En la dimensión política, Bachelet ha sido clara y vehemente al denunciar que “el gobierno ha acelerado la erosión del Estado de Derecho y el desmantelamiento de las instituciones democráticas, incluida la Asamblea Nacional”. Luego que la oposición ganara la mayoría en la Asamblea Nacional se produjo “un incremento de la represión selectiva de la oposición política y una restricción incesante del por sí limitado espacio democrático”. Con tino, sin embargo, la alta comisionada se ha abstenido de señalar cómo se conseguiría el restablecimiento de la paz social y el orden democrático, lo que no le corresponde hacer, salvo en lo inmediato efectuar un llamado a detener y castigar los actos de persecución política, y uno más amplio al diálogo. Claramente, les ha dejado a los actores políticos nacionales e internacionales esa responsabilidad.
Las evidencias sobre violaciones y las acciones para repararlas contenidas en el informe son de tal magnitud y consecuencias futuras que no bastará con lo señalado hasta ahora. No faltan en Chile y otros países los que por desconocimiento o mala fe exigen acciones más allá de lo que le es dable a una alta funcionaria de ONU como, por ejemplo, señalar que debería encaminar su informe a la Corte Penal Internacional. Corresponde tal decisión a los gobiernos miembros de Naciones Unidas, una vez constatadas las circunstancias que permitirían un acuerdo político internacional para conseguirlo.
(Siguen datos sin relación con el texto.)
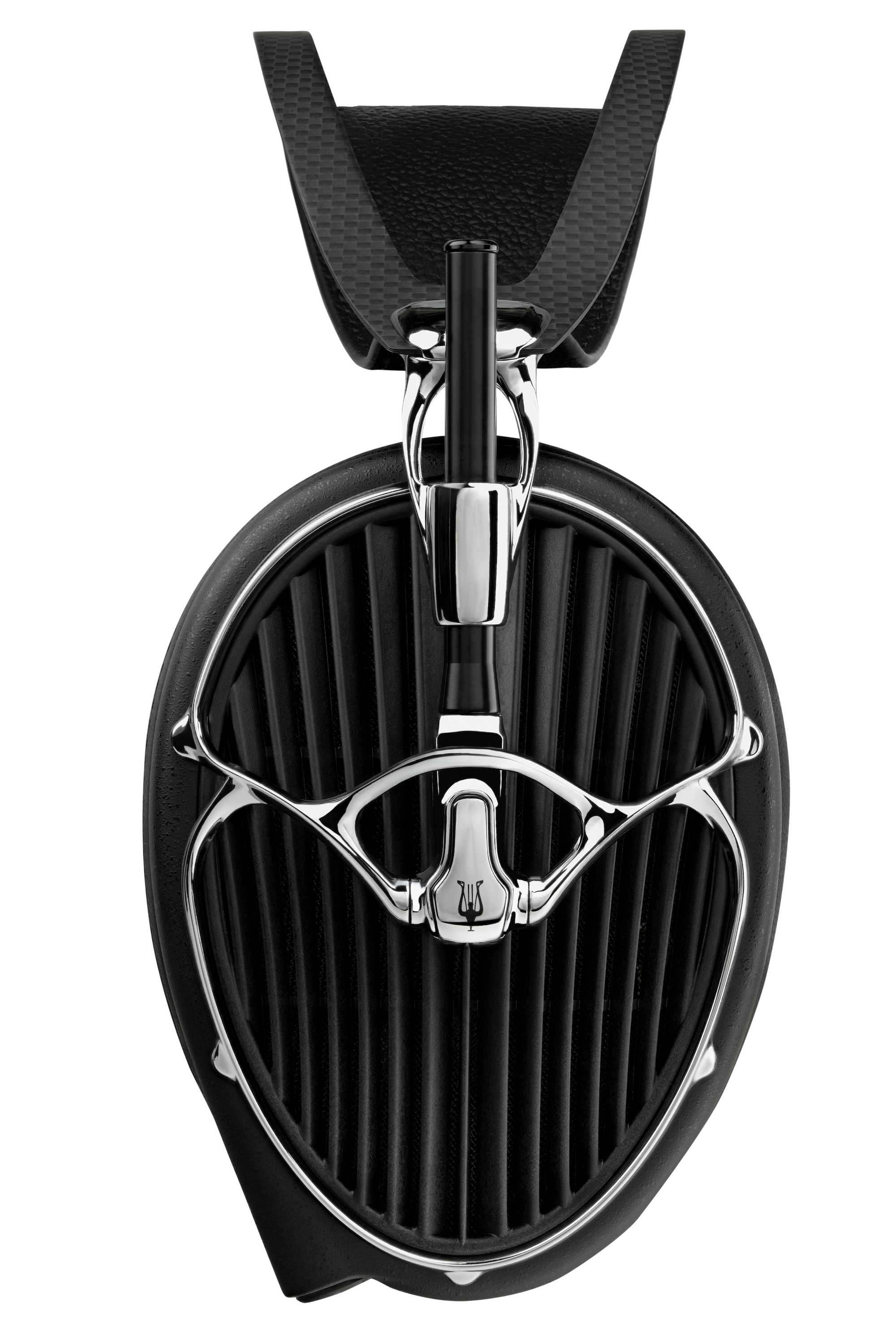 Meze Audio ARTA open-back planar magnetic headphones, additional product view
Mientras se desarrollan, y es de esperar fructifiquen, las conversaciones políticas facilitadas por Noruega y la Unión Europea con Enrique Iglesias, Chile y el Grupo de Lima harían bien en proponer en el CDH una comisión de investigación que documente exhaustivamente las graves violaciones a los derechos humanos en Venezuela en la última década, sentando así las bases para un proceso nacional de reparación, justicia y memoria. El diálogo político facilitado internacionalmente que conduzca a un gobierno de transición y elecciones libres, y la investigación sobre vulneraciones graves, son dos pilares que deberían contar con el apoyo político y operativo del secretario general de ONU.